There are days in life when you arise to find the surprising pleasure that nothing is troubling you.  For me, those days are the exception rather than the rule, but I will take as many of those easy mornings as God chooses to give.  Confession time: I like my life over-easy, my challenges well-done, and my final results with no burnt edges… all washed down with a warm, comforting cup of “Jeff’s-way” before I get to the business of living out the next twenty-four hours.  If you are honest, you will admit that you prefer things to go your way also and, given the option, you would likely spend the rest of your days in the absence of drama, discouragement and dilemma.  Yet Father knows best, and He typically ensures that each day’s pathway has just enough obstacles so that you will continue to look to Him to show you the direction which leads to His very best for you.  I learned something recently from listening to the Psalmist’s plea:

“Gladden the soul of your servant, for to You, O Lord, do I lift up my soul. For You, O Lord, are good and forgiving, abounding in steadfast love to all who call upon You.  Give ear, O Lord, to my prayer; listen to my plea for grace. In the day of my trouble I call upon You, for You answer me.” – Psalm 86:4-7

Let’s do a little math: 4 sentences; 3 requests; 3 mentions of the Lord by name; 5 mentions of the Lord by the word ‘You’…and only 1 mention of the day of his trouble. I believe this to be a healthy ratio of what can be said to God during days of my own difficulty.  The Psalmist is praying to God and preaching to himself all at the same time.  His primary focus is not his own trouble, whatever that trouble might have been.  He is not looking at God through the lens of His problems (which can make God appear small to us).  The Psalmist swapped lenses in order to retain his focus. He was sizing up his personal difficulty in view of the greatness of His God.  As a result there are a combined total of eight references to God, and only one reference to the Psalmist’s challenging situation. Do we pray with that same ratio these days?

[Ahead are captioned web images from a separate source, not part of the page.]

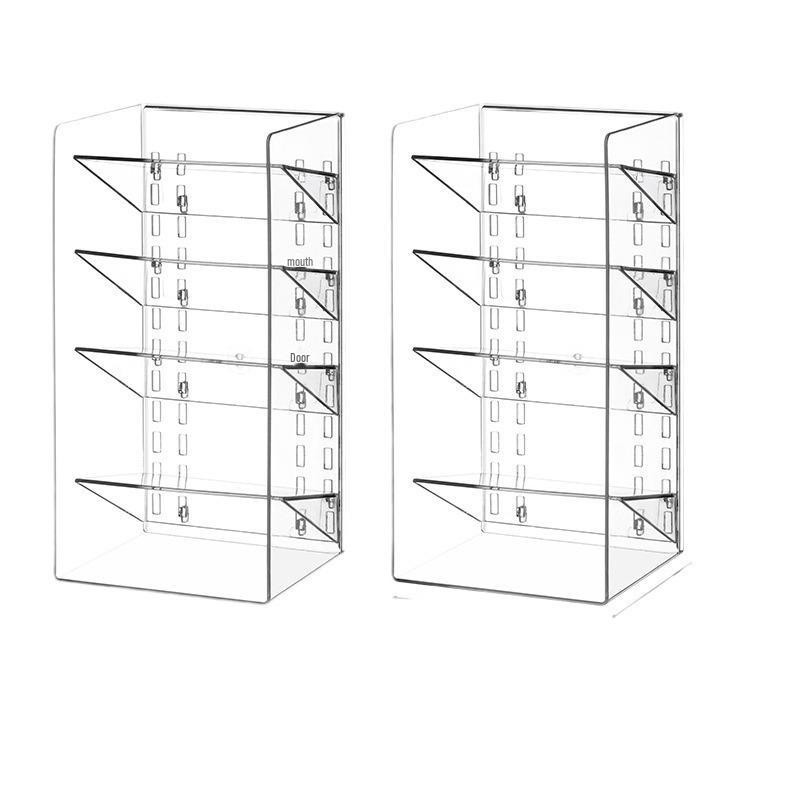 Clear Mirror Cabinet: Compact Storage for Makeup & Lipstick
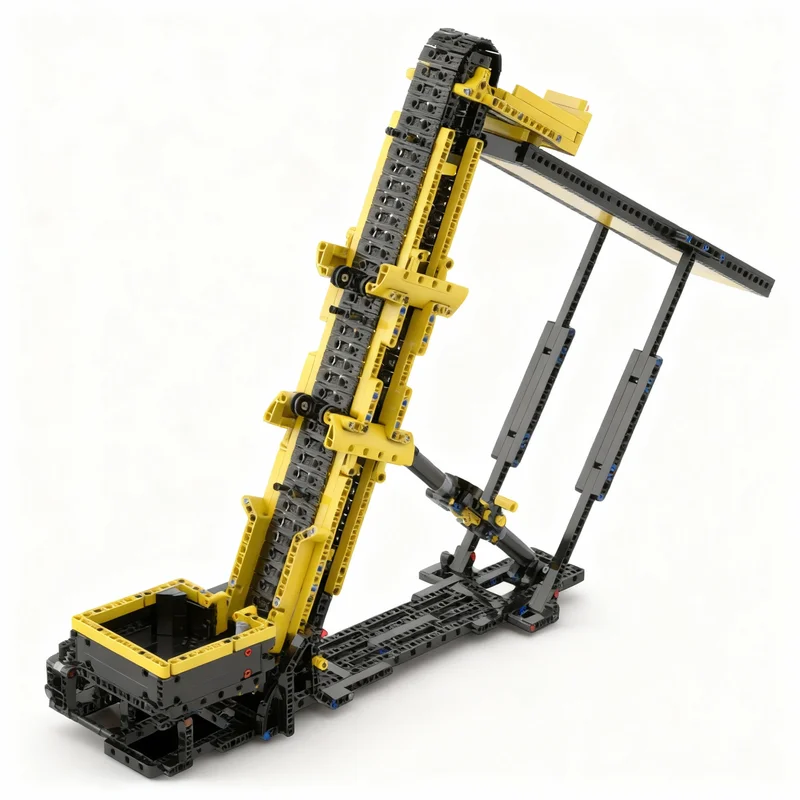 929pcs MOC GBC Module Adjustable Conveyor Technical Model Building Blocks Assemble Display Creative Art Craft Education DIY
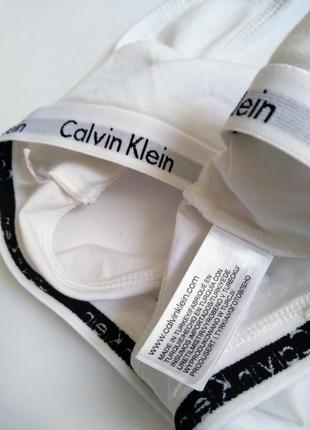 Calvin klein s xs m котоновый хлопковый бюстгальтер топ2 фото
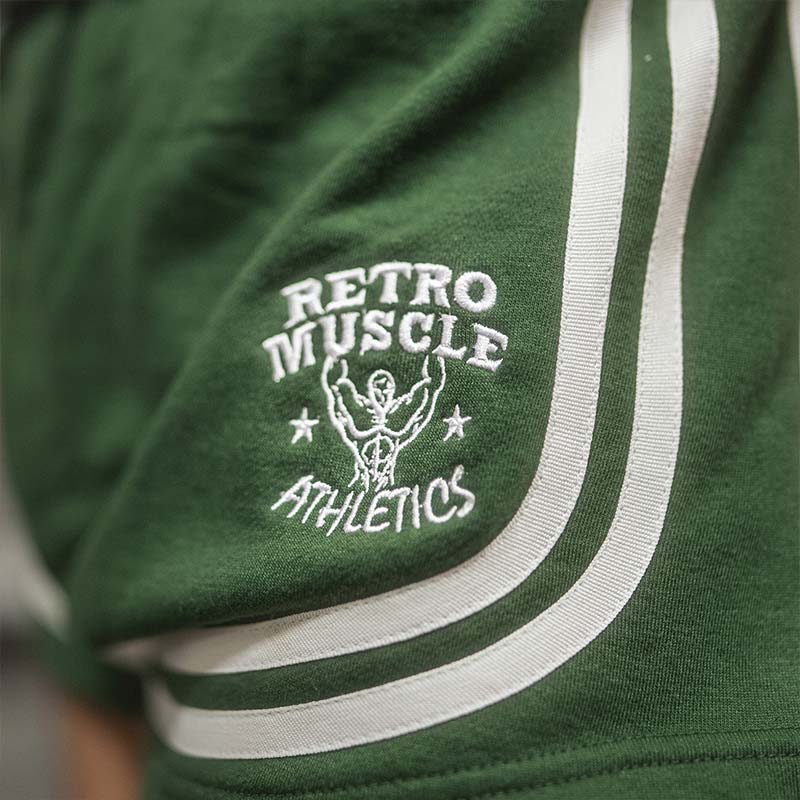Golden Era "Bannout" Retro Short Green Logo brod" - retromuscle1000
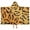 Orange and Black, variant on Light Green and Purple Of Leopard Print Hooded Bath Towel,50"x30" for Ages 3 To 12 Kids, Quick Dry Lightweight Soft Microfiber Hood Beach Towel Cover Up for Kids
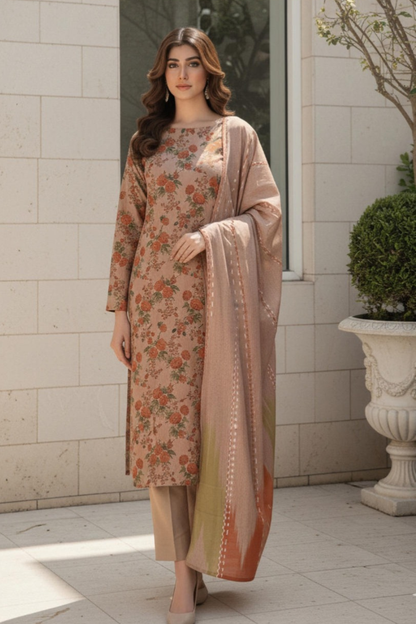 Motifz Premium Printed Khaddar 3PC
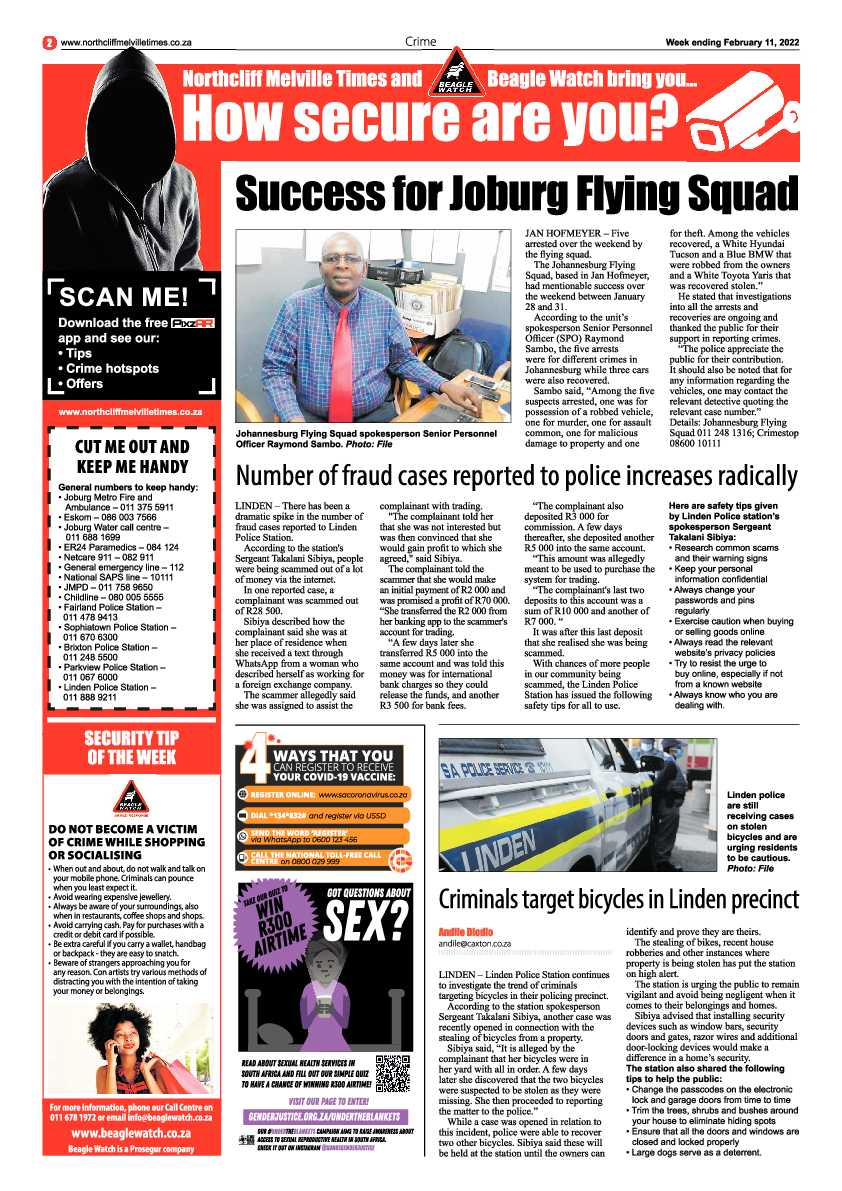 Northcliff Melville Times 11 February 2022 page 2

Not to self: God is immeasurably larger than anything happening to me, the feelings associated with my trouble and the prospect of the trouble lasting longer than the opportunity for me to encounter relief.  God is not uninformed, unmoved, uninvolved or unfeeling.  He’s standing still so I can sense Him quickly, if I’ll only simmer down and adjust my prayer ratio from 600:1 in favor of my problem, to something more appropriate for a redeemed child of the King.  Read the specific words of the Psalmist when he requests for God to “listen to my plea for grace”.  I absolutely cherish that little prayer because it swallows up the smaller prayers that we are so very tempted to pray in times of tedious trouble. A plea for grace will accomplish so much more than stand-alone prayers like:

“Lord please help me pay my bills….Lord, please change my spouse…Lord, please help me get more than a 81 on my final exam so I can pass the class…Lord, please take away the pain in my hands…Lord, please remove my emotional blues..Lord, please make my enemy over there vaporize into a pink mist…”

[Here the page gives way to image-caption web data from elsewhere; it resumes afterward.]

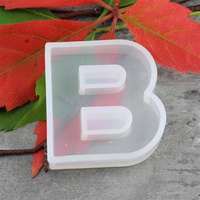Forma silikonowa do odlewów z żywicy litera B 4cm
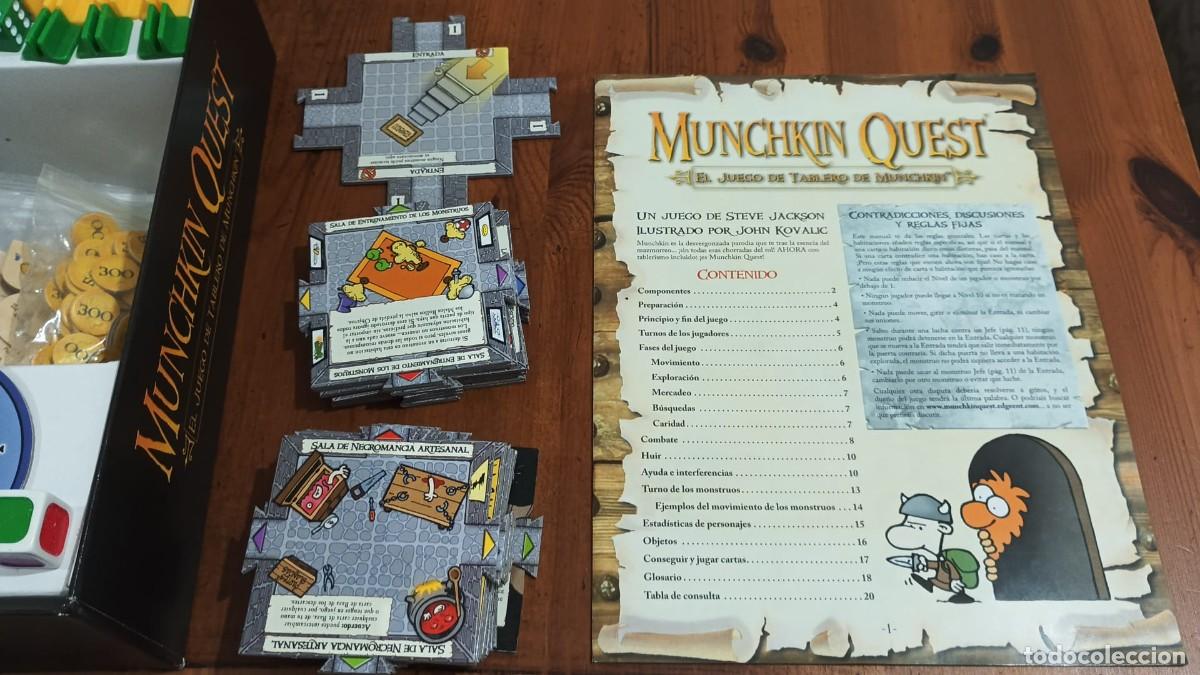 Juegos de mesa: MUNCHKIN QUEST juego de mesa - Foto 5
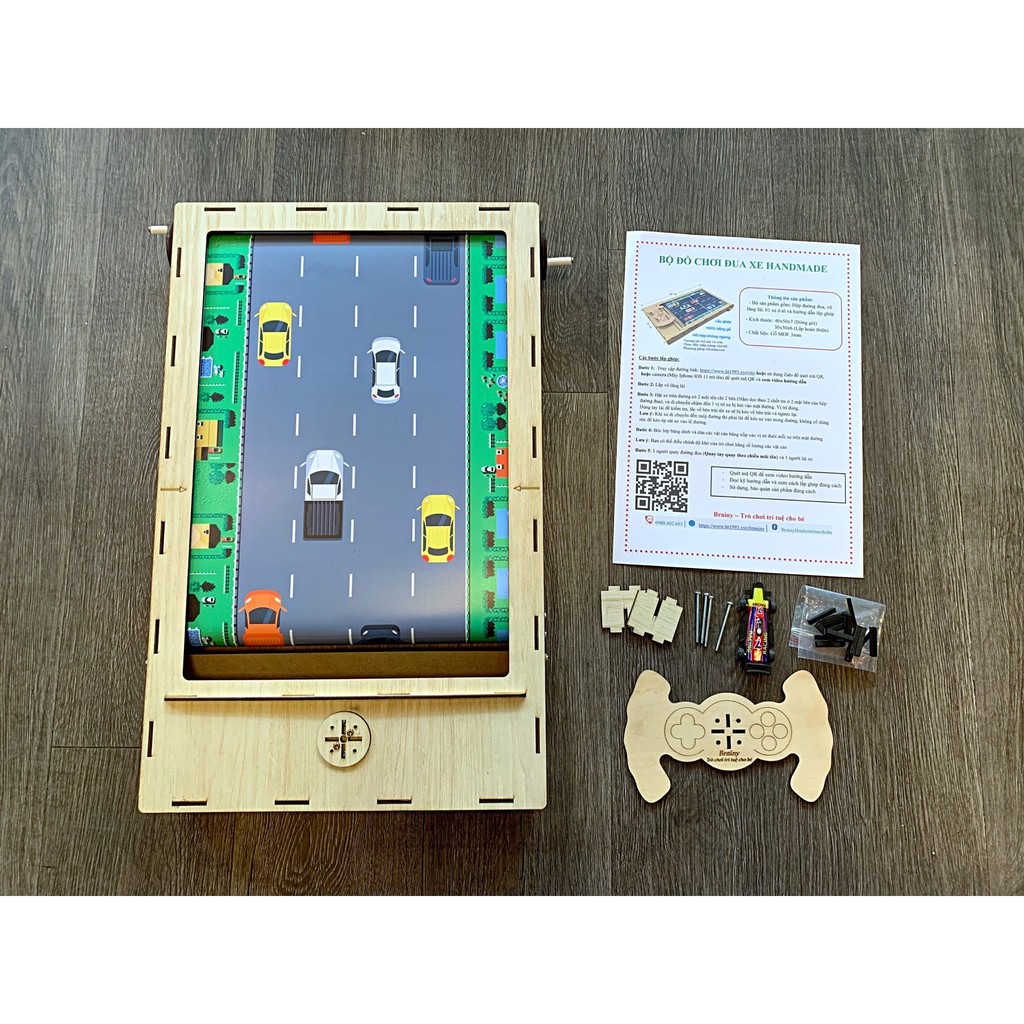 [Free Ship] Bộ Đồ Chơi Đua Xe Hanmade Bằng gỗ (Đường Đua Siêu Tốc)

In an assertion of trust which seems to acknowledge an awareness that he may not have known the best thing to ask, the Psalmist humbly prays, “You, O Lord…You, O Lord…You…O Lord…listen to my plea for grace…I call upon You, for You answer me.”

It is not most important to remember what to pray, but to remember to Whom you pray.  When you remember Him and let your desperation flow, resting in a requested grace, you will find something more precious than His hand moving on your behalf.  We will only see that clearly when we take off the short-shot lens, put the wide-angle lens over our minds and hearts, focus on the throne of the Trustworthy One, and push the button of faith in the moment of prayer. After the shutter clicks, and when that moment develops, you will find the face of God smiling on you, His beloved child.